(Input begins)
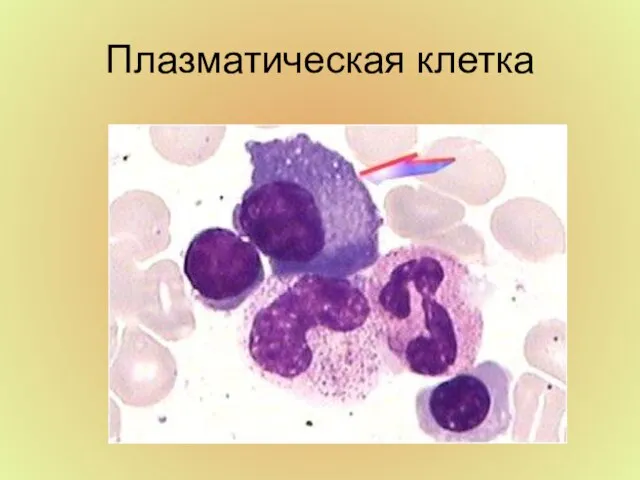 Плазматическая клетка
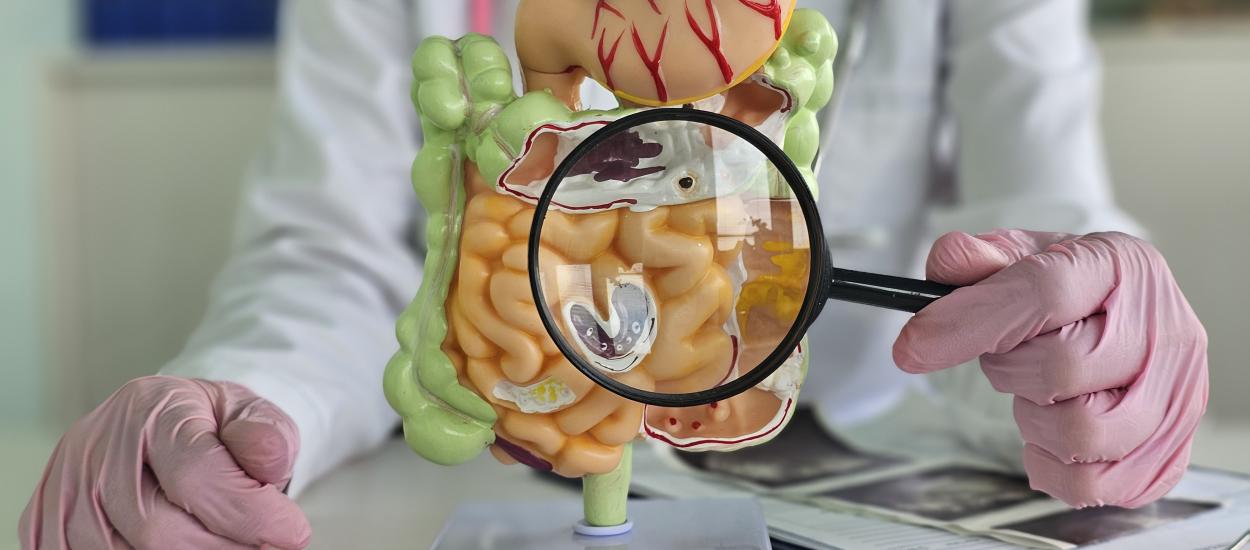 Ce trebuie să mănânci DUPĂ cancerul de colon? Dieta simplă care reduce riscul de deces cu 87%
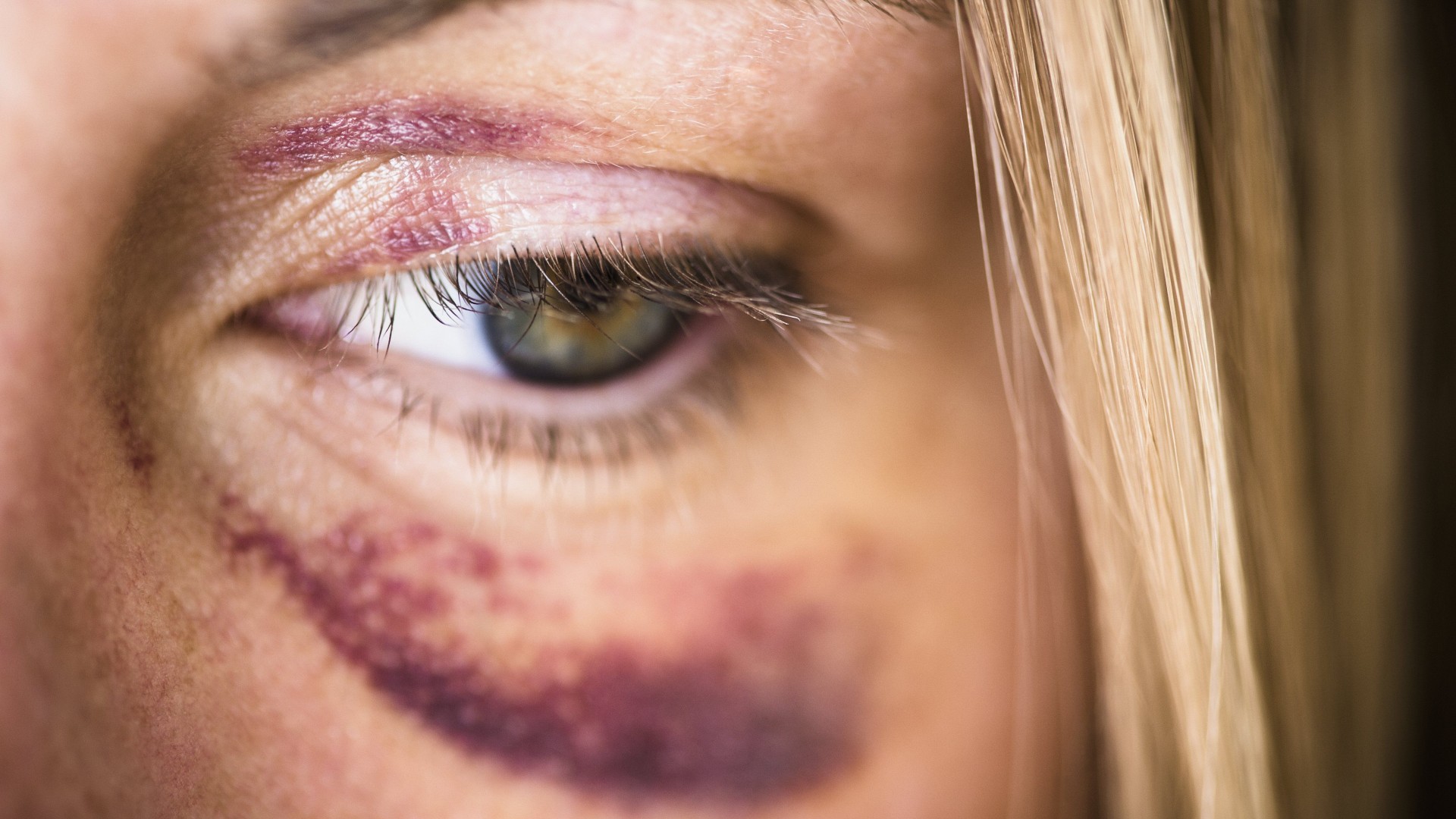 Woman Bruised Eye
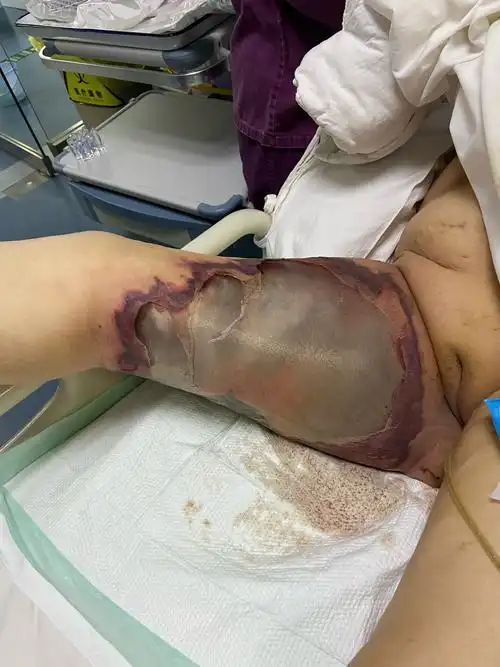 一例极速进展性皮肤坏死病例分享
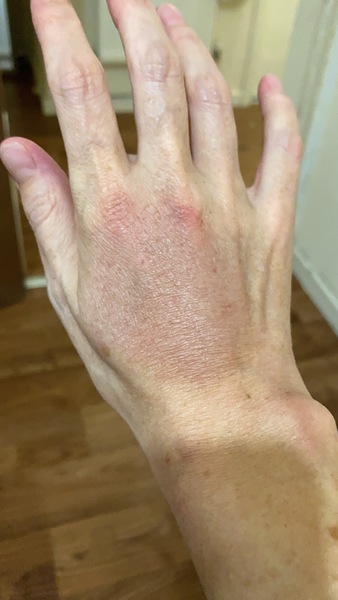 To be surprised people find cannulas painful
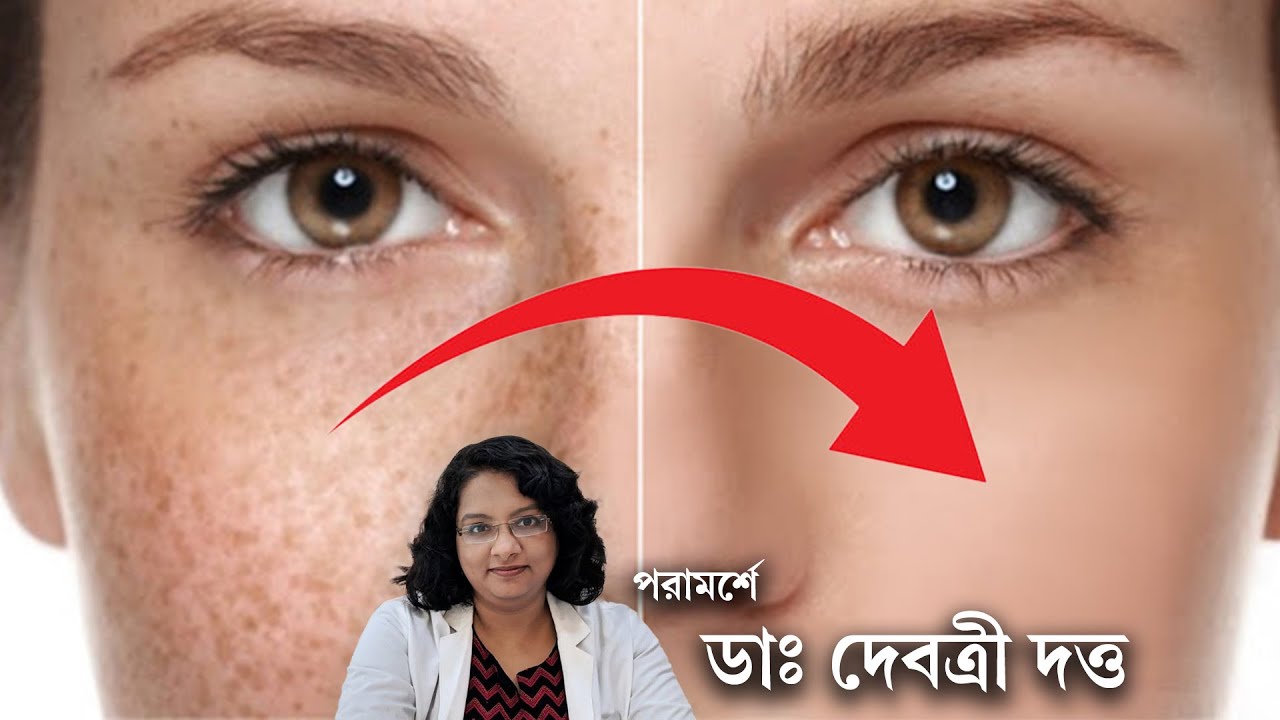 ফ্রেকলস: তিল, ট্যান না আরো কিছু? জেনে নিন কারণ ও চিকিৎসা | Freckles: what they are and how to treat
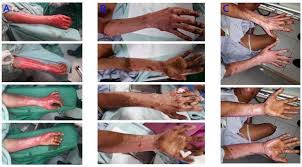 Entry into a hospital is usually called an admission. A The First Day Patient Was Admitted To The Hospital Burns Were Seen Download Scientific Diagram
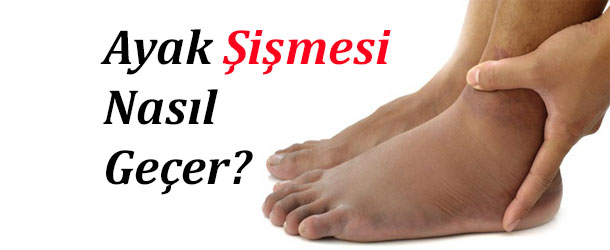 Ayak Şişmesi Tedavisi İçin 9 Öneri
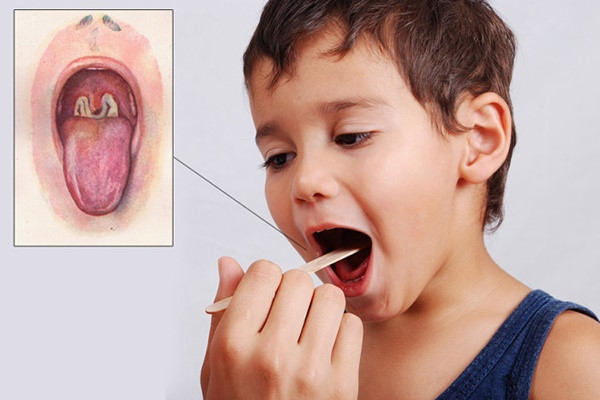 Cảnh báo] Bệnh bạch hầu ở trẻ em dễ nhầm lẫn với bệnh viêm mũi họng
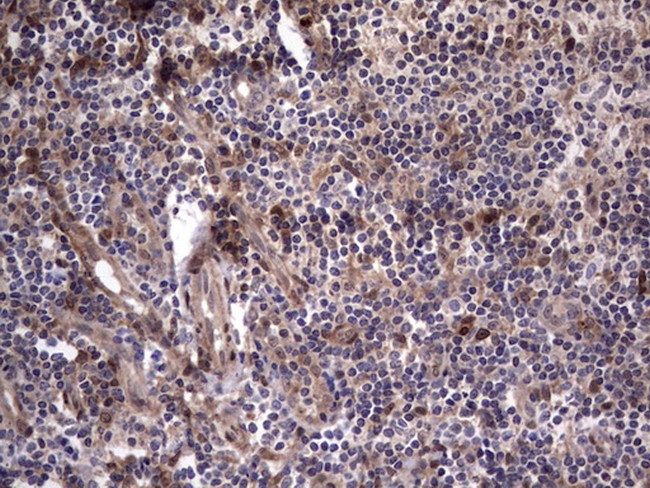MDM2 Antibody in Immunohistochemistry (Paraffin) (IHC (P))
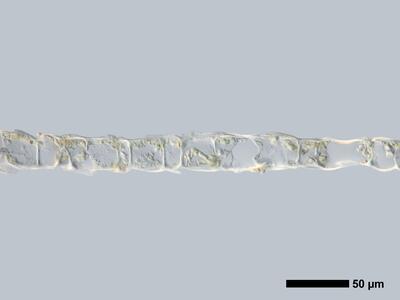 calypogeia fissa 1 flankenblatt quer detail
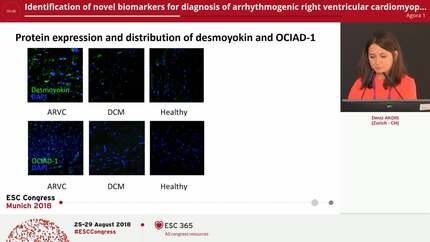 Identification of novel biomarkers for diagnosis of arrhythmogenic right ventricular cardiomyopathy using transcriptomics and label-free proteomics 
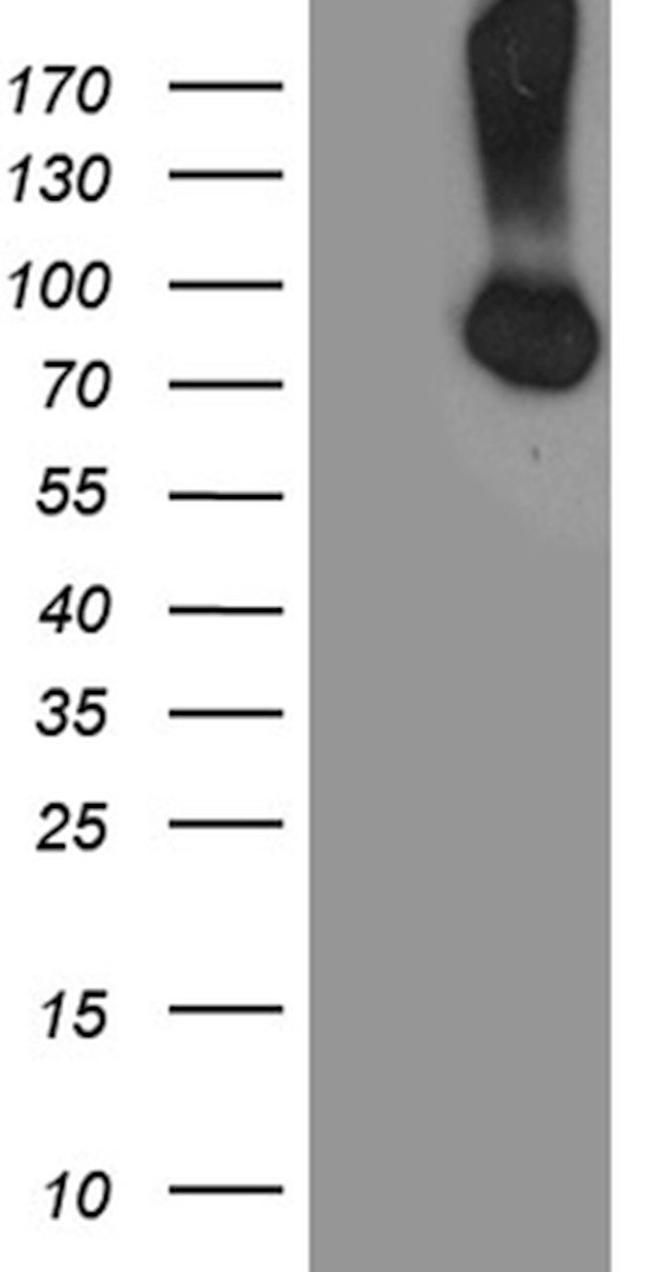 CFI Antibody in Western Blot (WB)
(Input ends)
### [Task to carry out]
Repeat nothing but the lines from the one containing "Cảnh báo] Bệnh" through the end of the entries, exactly, and skip the pictures.

### [Task answer]
 Cảnh báo] Bệnh bạch hầu ở trẻ em dễ nhầm lẫn với bệnh viêm mũi họng
MDM2 Antibody in Immunohistochemistry (Paraffin) (IHC (P))
 calypogeia fissa 1 flankenblatt quer detail
 Identification of novel biomarkers for diagnosis of arrhythmogenic right ventricular cardiomyopathy using transcriptomics and label-free proteomics 
 CFI Antibody in Western Blot (WB)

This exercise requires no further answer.